Generalized vitiligo is an acquired, non-contagious disorder, in which progressive, patchy loss of pigmentation from the skin, overlying hair, and oral mucosa results from autoimmune loss of melanocytes from the involved areas (Nordlund et al., 2006). The most common pigmentation disorder, vitiligo, occurs in about 0.4% of European Caucasians (Howitz et al., 1977), with similar prevalence in other populations (Spritz, 2007, 2008). First-degree relatives of affected patients have ~6 to 7% risk of vitiligo, and concordance in monozygotic twins is 23% (Alkhateeb et al., 2003). About 25–30% of generalized vitiligo patients manifest at least one other autoimmune disease, particularly autoimmune thyroid disease (Graves’ disease and autoimmune hypothyroidism), rheumatoid arthritis, psoriasis, adult-onset autoimmune diabetes mellitus, pernicious anemia, Addison’s disease, and systemic lupus erythematosus; these same disorders also occur in increased frequency in patients’ first-degree relatives (Alkhateeb et al., 2003; Laberge et al., 2005). Thus, this complex of associated autoimmune diseases likely results from the interaction of multiple disease susceptibility variants (Majumder et al., 1993; Nath et al., 1994; Sun et al., 2006), some predisposing to a general autoimmune diathesis and others to specific autoimmune diseases.

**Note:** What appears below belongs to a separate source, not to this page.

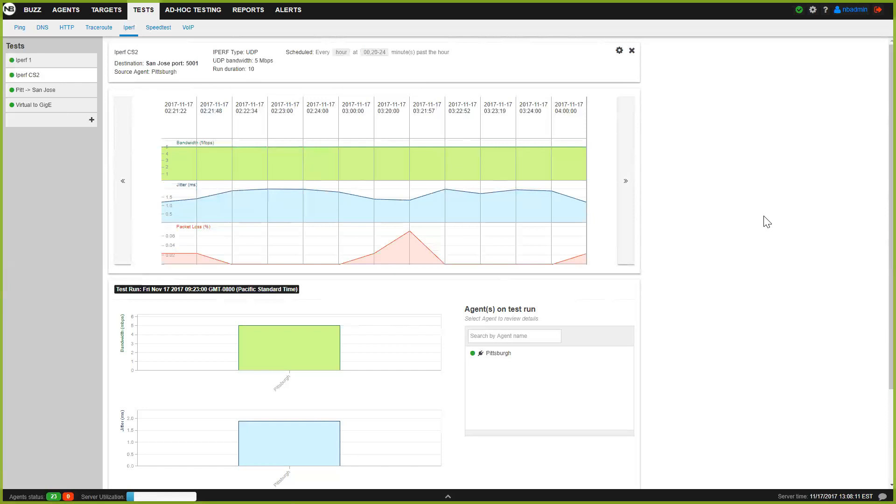That's it for today. iPerf versus Speedtest. Test them yourselves. If you want to try them on the NetBase dashboard, sign up for a free account on our website and I'll be happy to follow up with you. Have a nice weekend. Bye-bye.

A number of candidate genes have been reported as associated with generalized vitiligo, including loci in the major histocompatibility complex, ACE, CAT, CTLA4, COMT, ESR, GCH1, MBL, PTPN22, VDR, and others (Spritz, 2007, 2008). Most of these studies reported only marginally significant associations, often with no correction for multiple testing, and several were not replicated by subsequent studies (Spritz, 2007, 2008).
We previously reported significant linkage (logarithm of the odds (LODs) ≥3.0) of generalized vitiligo to loci on chromosomes 1, 7, 8, and 17 and suggestive linkage (LODs ≥2.0) to loci on chromosomes 9, 13, 19, and 22 in an analysis of 102 multiplex generalized vitiligo families. The linkage signals on chromosomes 1, 7, and 17 derived principally from the subset of 51 families segregating both vitiligo and additional vitiligo-associated autoimmune diseases, whereas the linkage signal on chromosome 8 was derived principally from the subset of families segregating only vitiligo (Spritz et al., 2004). Subsequently, we identified the chromosome 17 vitiligo-autoimmunity susceptibility locus as NLRP1 (NACHT leucine-rich-repeat protein) (Jin et al., 2007), encoding NALP1, a key regulator of the innate immune system, and the linkage signal on chromosome 1 derived primarily from a single large family (Alkhateeb et al., 2002), in which generalized vitiligo co-segregated with a promoter variant in FOXD3 (Alkhateeb et al., 2005).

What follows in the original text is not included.